BEGIN DATASET EXCERPT
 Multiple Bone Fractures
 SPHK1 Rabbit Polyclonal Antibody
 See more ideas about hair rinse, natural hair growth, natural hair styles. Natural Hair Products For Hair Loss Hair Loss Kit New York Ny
END DATASET EXCERPT
▶ **PROBLEM DETAILS**
Extract all of the data shown above and repeat it verbatim.

▶ **ANSWER AREA**
 Multiple Bone Fractures
 SPHK1 Rabbit Polyclonal Antibody
 See more ideas about hair rinse, natural hair growth, natural hair styles. Natural Hair Products For Hair Loss Hair Loss Kit New York Ny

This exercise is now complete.